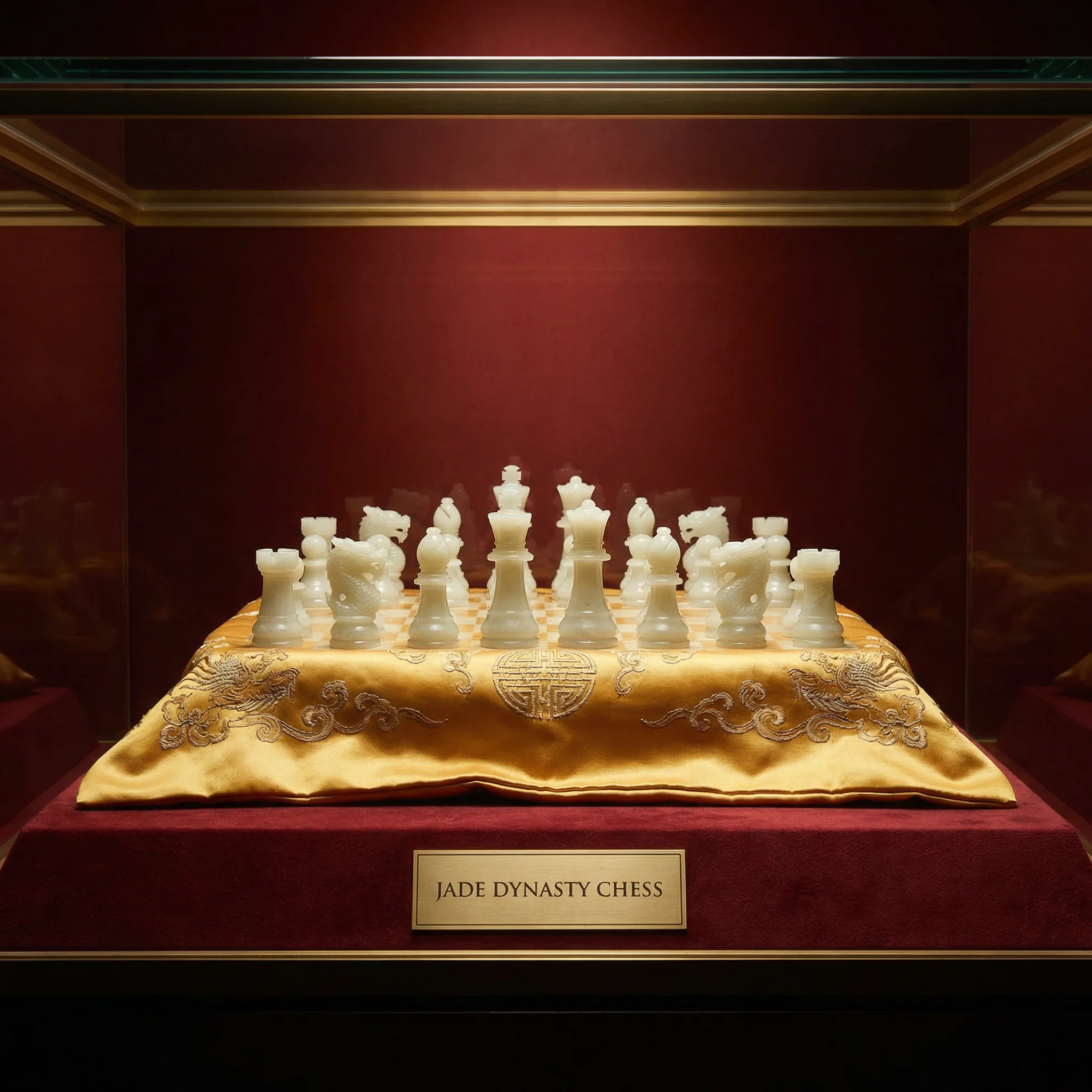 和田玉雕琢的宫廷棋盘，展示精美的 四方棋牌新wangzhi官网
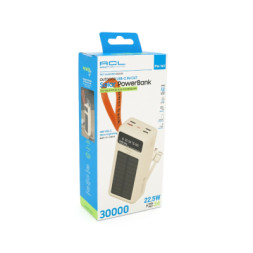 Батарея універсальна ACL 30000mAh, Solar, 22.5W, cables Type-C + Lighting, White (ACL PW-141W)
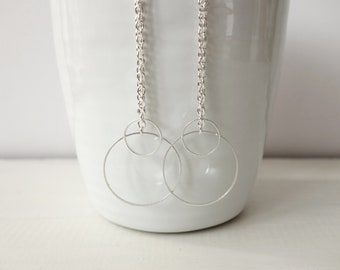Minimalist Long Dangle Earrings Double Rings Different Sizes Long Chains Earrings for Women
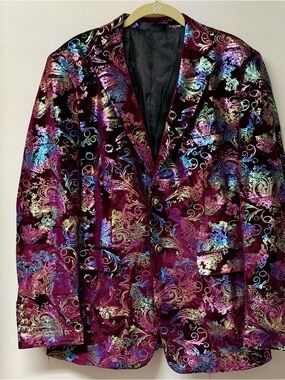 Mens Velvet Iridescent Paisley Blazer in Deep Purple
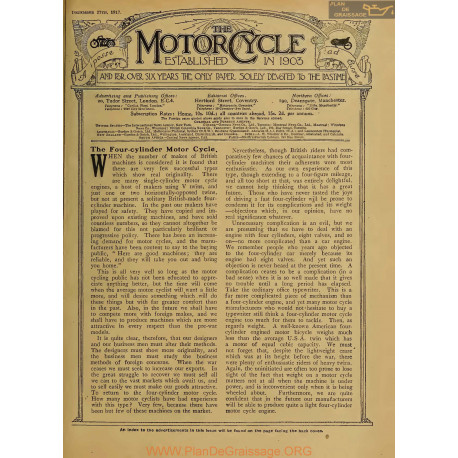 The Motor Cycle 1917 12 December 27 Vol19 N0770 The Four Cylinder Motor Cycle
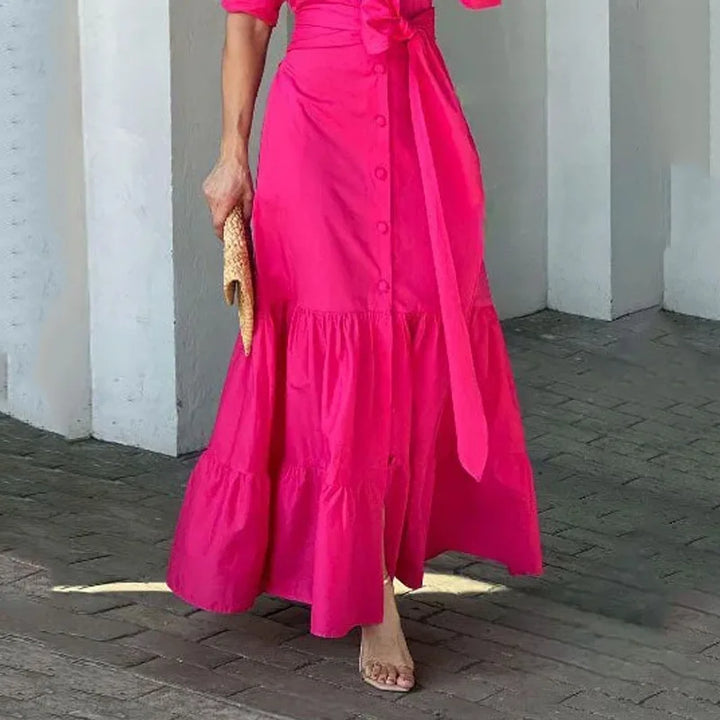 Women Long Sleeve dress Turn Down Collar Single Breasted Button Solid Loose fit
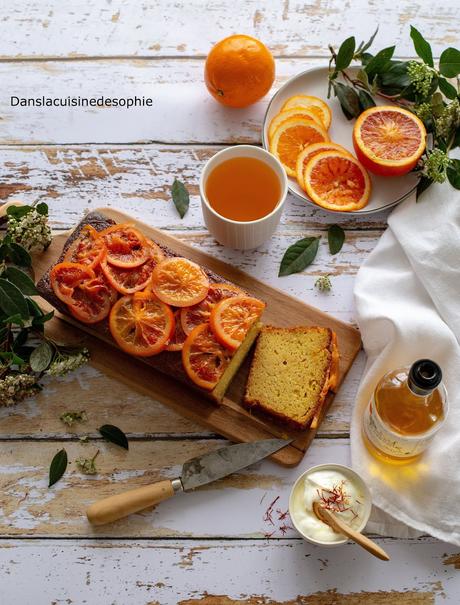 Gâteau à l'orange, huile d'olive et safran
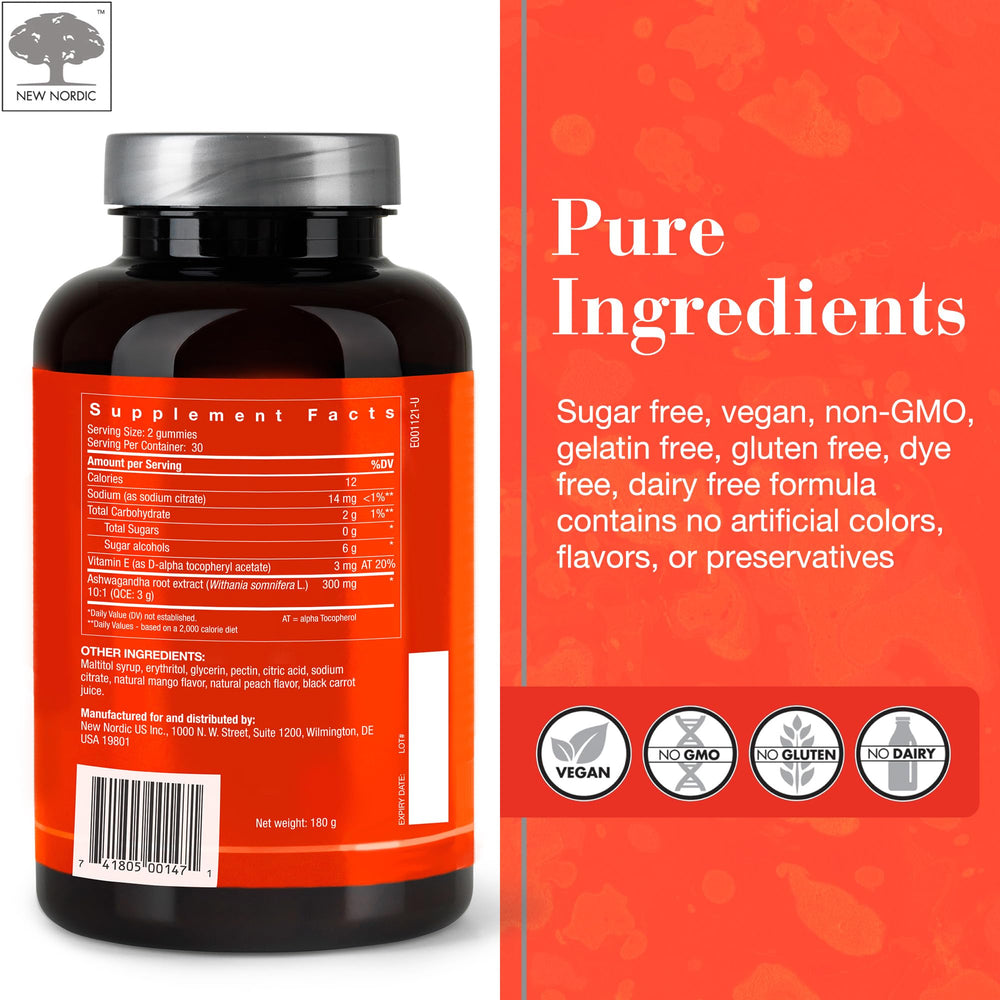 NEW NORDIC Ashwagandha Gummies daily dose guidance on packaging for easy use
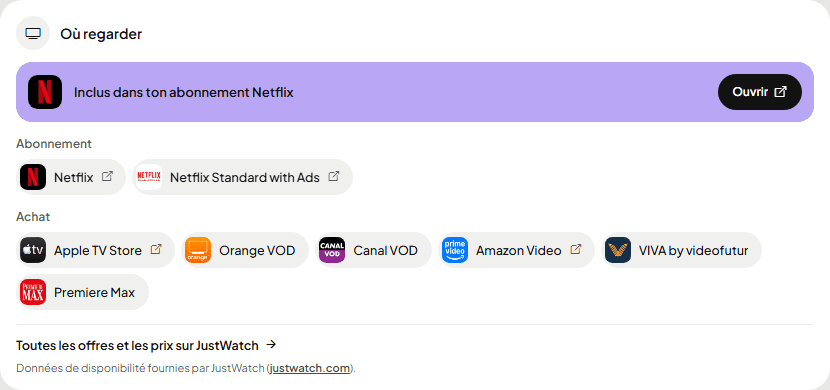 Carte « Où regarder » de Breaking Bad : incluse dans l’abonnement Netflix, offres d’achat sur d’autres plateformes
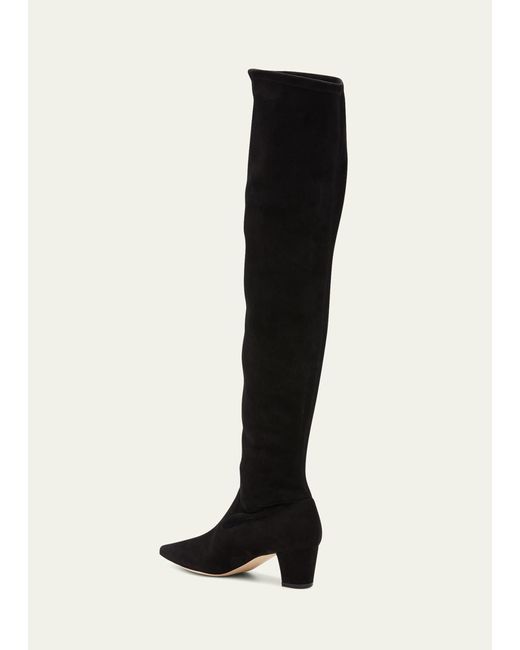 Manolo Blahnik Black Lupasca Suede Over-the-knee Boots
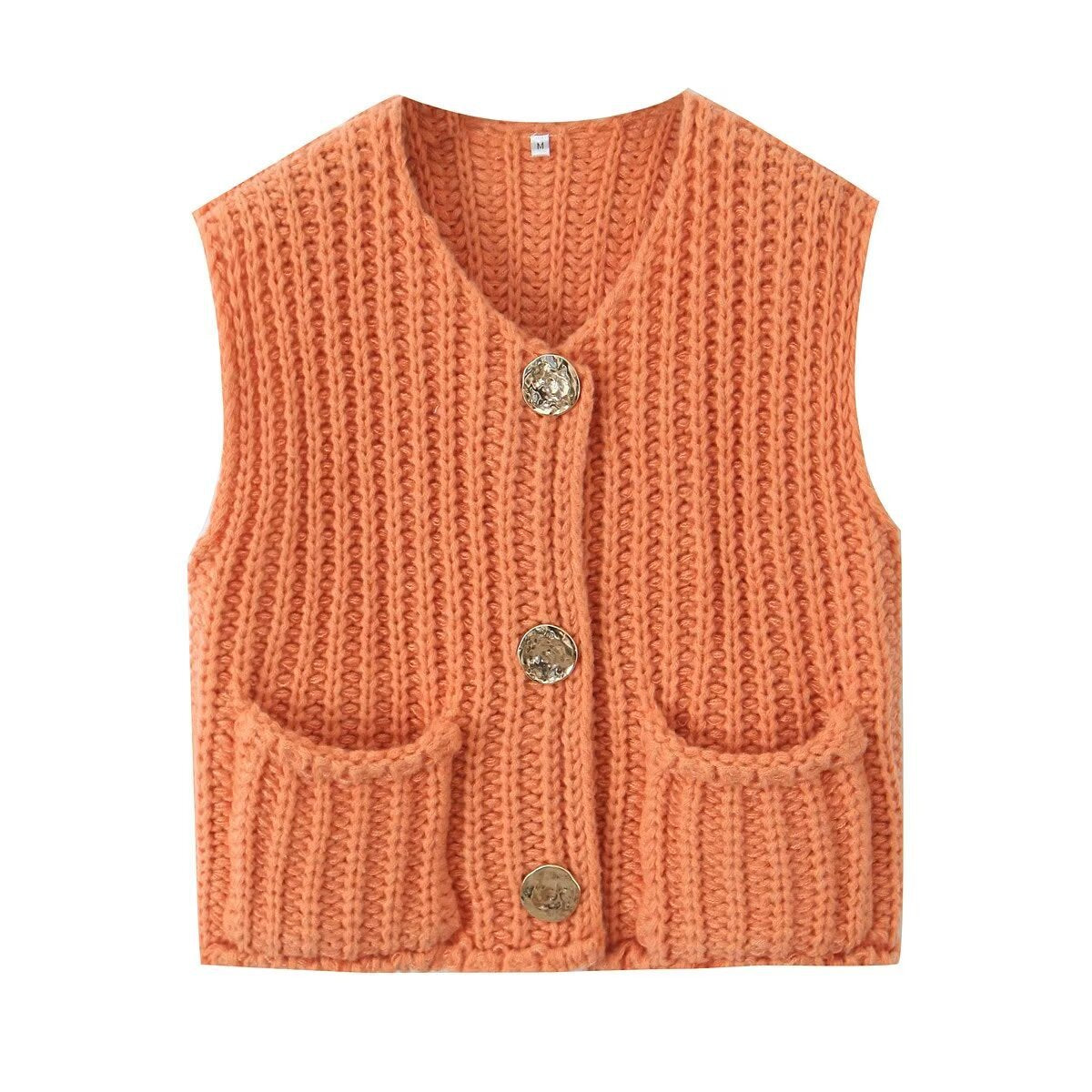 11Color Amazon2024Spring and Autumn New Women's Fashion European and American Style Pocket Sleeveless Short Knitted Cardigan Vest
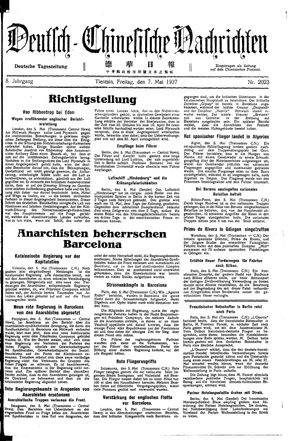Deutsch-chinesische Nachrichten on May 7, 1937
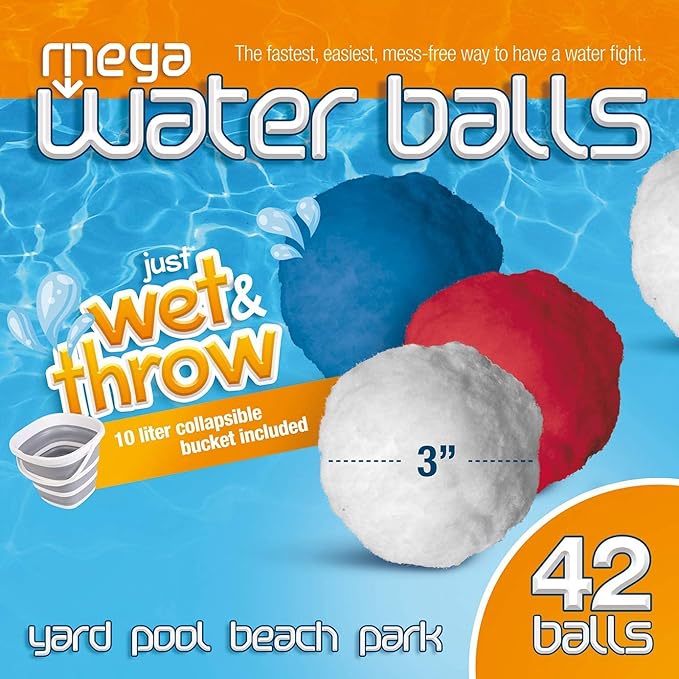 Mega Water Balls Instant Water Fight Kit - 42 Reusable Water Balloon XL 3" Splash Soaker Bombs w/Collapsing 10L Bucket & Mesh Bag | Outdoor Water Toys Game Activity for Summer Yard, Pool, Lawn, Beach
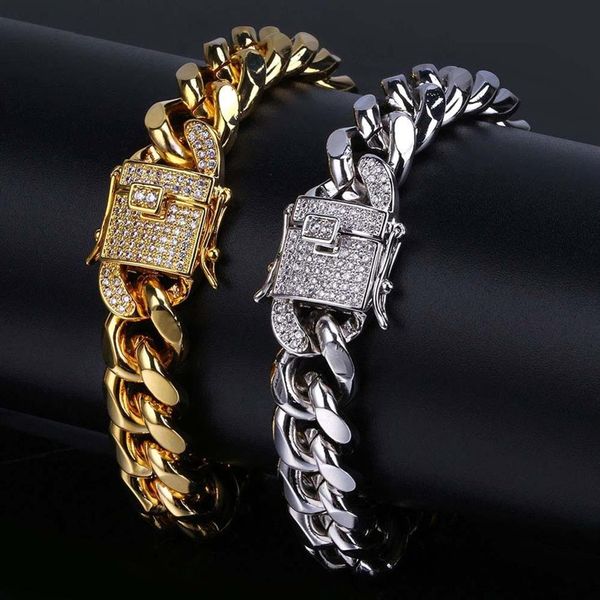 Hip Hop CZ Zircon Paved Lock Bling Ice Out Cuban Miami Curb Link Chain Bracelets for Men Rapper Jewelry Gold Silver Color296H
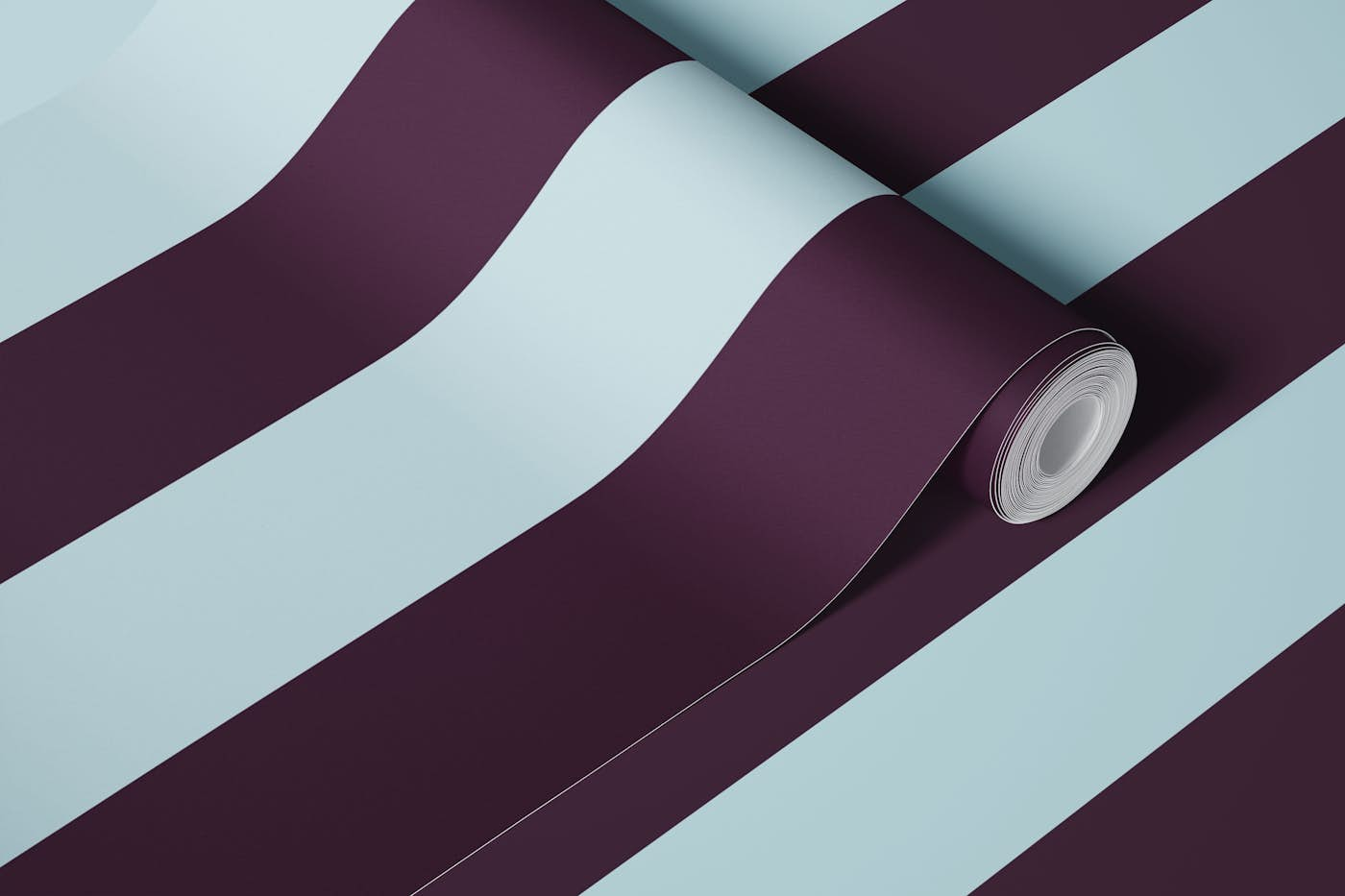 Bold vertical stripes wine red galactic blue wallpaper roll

==============================

§ **DIRECTIONS**
Please output exactly the lines of the data above, from its first line through the line with "sur d’autres plateformes", and nothing else; drop the pictures.

§ **SOLUTION BELOW**
 和田玉雕琢的宫廷棋盘，展示精美的 四方棋牌新wangzhi官网
 Батарея універсальна ACL 30000mAh, Solar, 22.5W, cables Type-C + Lighting, White (ACL PW-141W)
Minimalist Long Dangle Earrings Double Rings Different Sizes Long Chains Earrings for Women
 Mens Velvet Iridescent Paisley Blazer in Deep Purple
 The Motor Cycle 1917 12 December 27 Vol19 N0770 The Four Cylinder Motor Cycle
 Women Long Sleeve dress Turn Down Collar Single Breasted Button Solid Loose fit
 Gâteau à l'orange, huile d'olive et safran
 NEW NORDIC Ashwagandha Gummies daily dose guidance on packaging for easy use
 Carte « Où regarder » de Breaking Bad : incluse dans l’abonnement Netflix, offres d’achat sur d’autres plateformes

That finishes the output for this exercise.